▶ [Activity]: Every line from the one holding "The cutest fall" to the end of the entries should be repeated exactly, with the pictures left out.

==============================

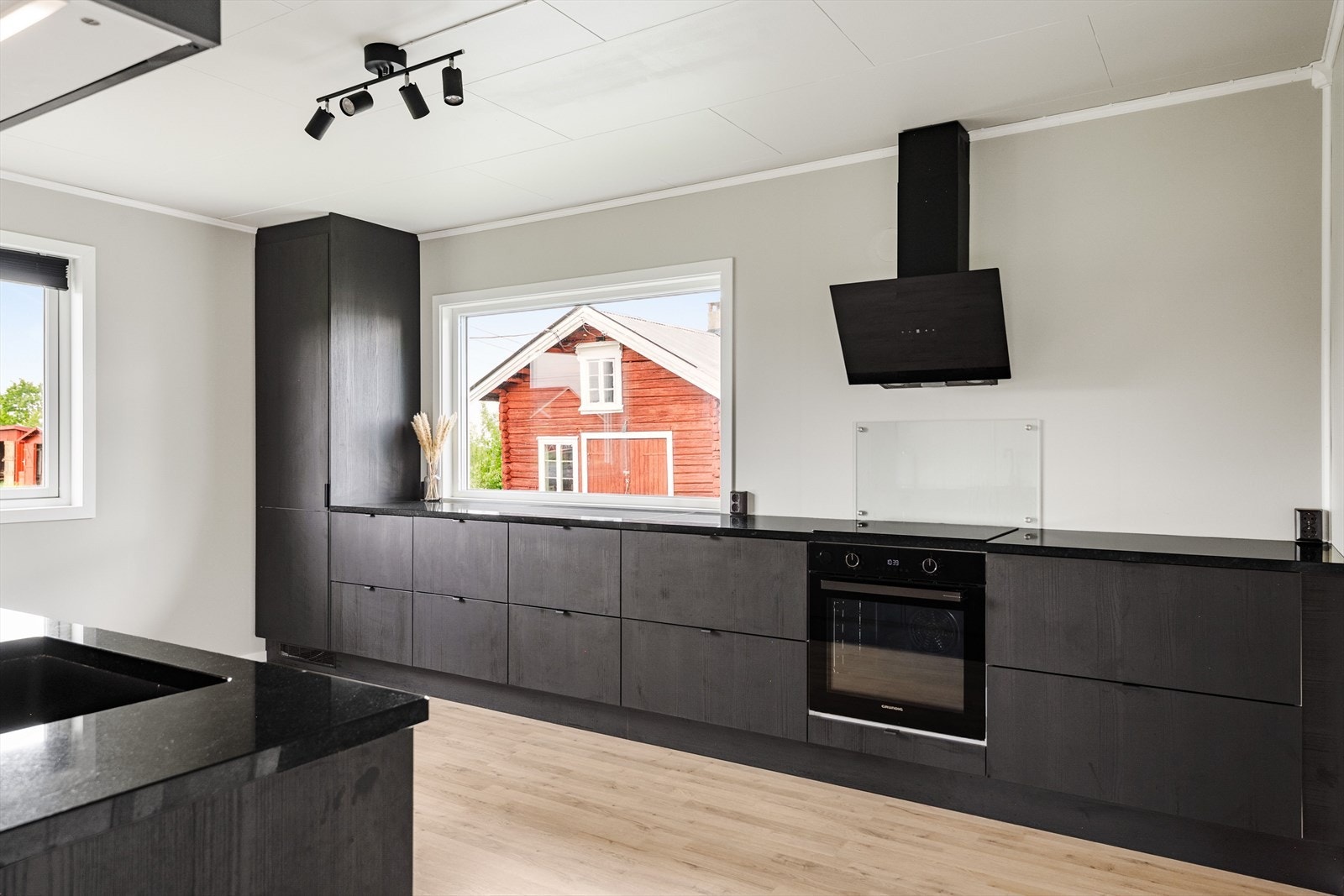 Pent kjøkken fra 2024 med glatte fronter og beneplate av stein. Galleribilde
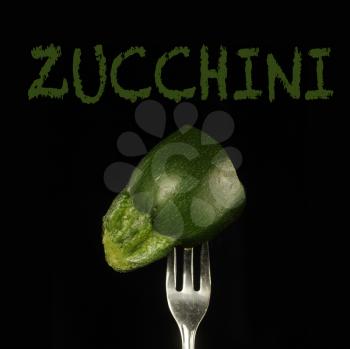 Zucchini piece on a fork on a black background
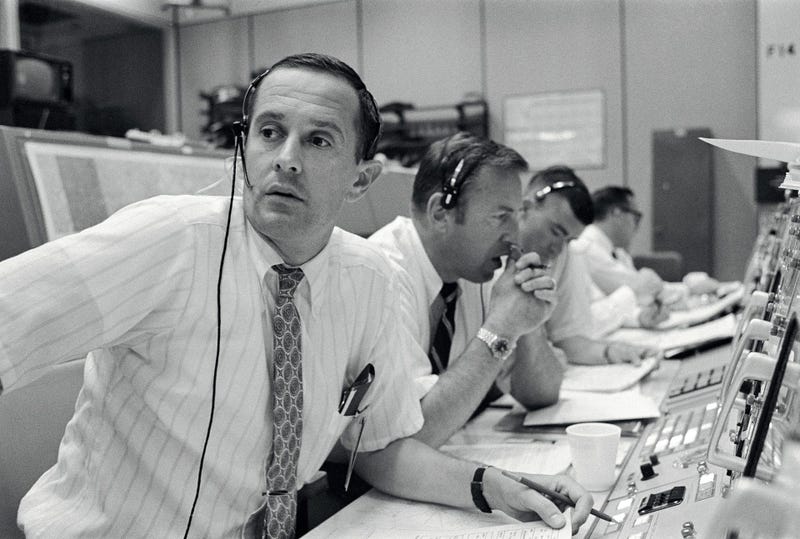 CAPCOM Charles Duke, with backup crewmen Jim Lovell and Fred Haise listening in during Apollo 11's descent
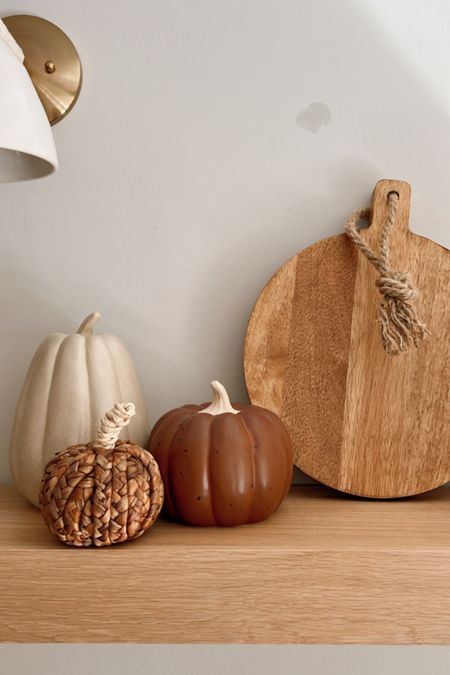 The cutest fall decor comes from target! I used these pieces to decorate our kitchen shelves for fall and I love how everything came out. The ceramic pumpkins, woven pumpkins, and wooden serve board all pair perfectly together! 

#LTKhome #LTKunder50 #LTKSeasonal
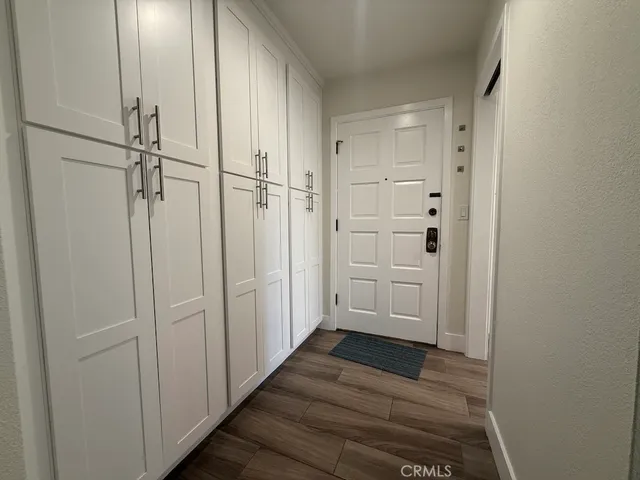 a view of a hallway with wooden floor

==============================

▶ [Answer for the task]:
 The cutest fall decor comes from target! I used these pieces to decorate our kitchen shelves for fall and I love how everything came out. The ceramic pumpkins, woven pumpkins, and wooden serve board all pair perfectly together! 

#LTKhome #LTKunder50 #LTKSeasonal
 a view of a hallway with wooden floor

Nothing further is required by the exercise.